By accident I checked 60-odd full-size photographs into the git history of my website. I shrunk them in a next commit, but the history was still there leading to a bloated .git directory. This took a lot of time when making backups. This documents how I cleaned up this mess.
My first step was to research the issue. Most hits were for completely removing a file from history, which is not exactly what I wanted.
I found a couple of possible approaches for that:
- Using BFG Repo-Cleaner,
- git filter-branch
- git rebase -i
I didn’t want to install a special one-off tool that requires Java which I don’t use either.
And to be completely honest, I don’t really grok what filter-branch does.
And last but not least, doing a rebase could be done with the tools at hand and it looked fairly simple after reading this.
Just to be sure, I copied the whole repo to a test repo. This as an insurance in case I screwed something up. This is one of the things why I like git. Being able to test things on a throwaway copy of a repo and learn from them is invaluable.
Next I did an interactive rebase from the original silly commit.

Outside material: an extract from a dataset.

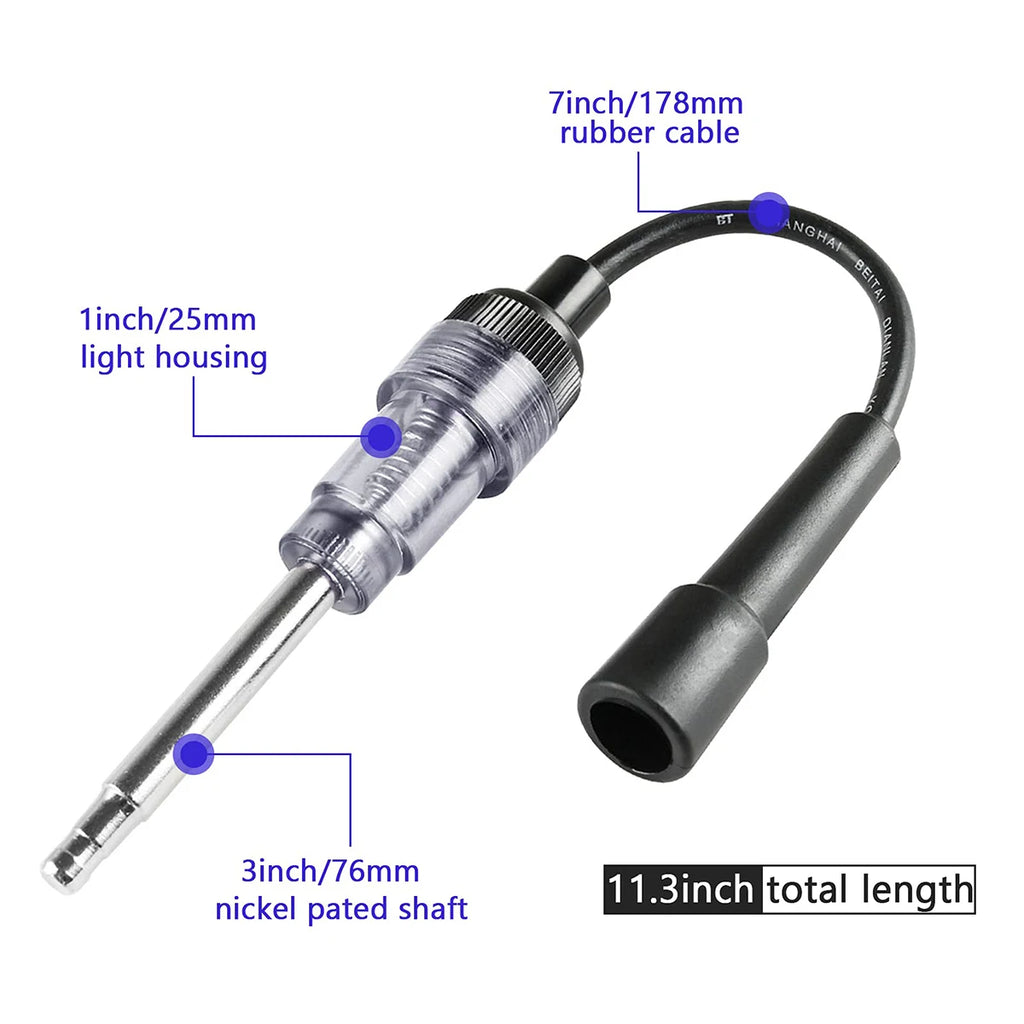 Spark Plug Tester, Engine Ignition Coil Straight Boot Test Light Checker Automotive Car Lawnmower Internal External diagnostic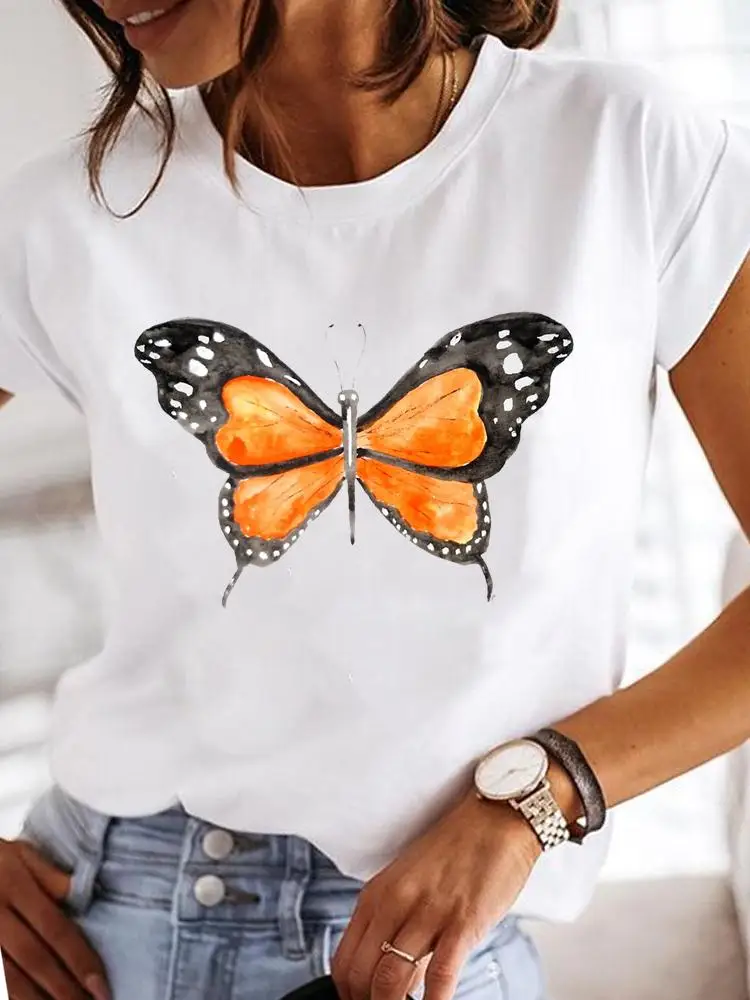 Short Sleeve Fashion Female Graphic Tee Women Print Dandelion Dragonfly 90s Summer Casual Clothes Ladies T Clothing T-shirts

> cp -Rp WWW test-WWW > cd test-WWW > git rebase -i 7b0d1232e301fe4b451d2d4ad596cb862d3df6a2
In the editor that sprang up during this command, I chose to squash the next commit (which corrected the issue) with the original commit. This worked fine. Note that the commits to my website have a linear structure; I don’t use branches on it.
After the rebase I ran the following commands;
> git reflog expire --expire=now --all > git gc --aggressive --prune=now
This had a huge effect.
> cd .. > du -csm WWW/ test-WWW/ 373 WWW/ 79 test-WWW/
It shrank the repo by close to 300 MiB. Mission accomplished!
Note that it is considered bad practice to use git rebase on commits that have already been pushed to a remote. Since I don’t keep this repo on a hosting site like github, that is not an issue here.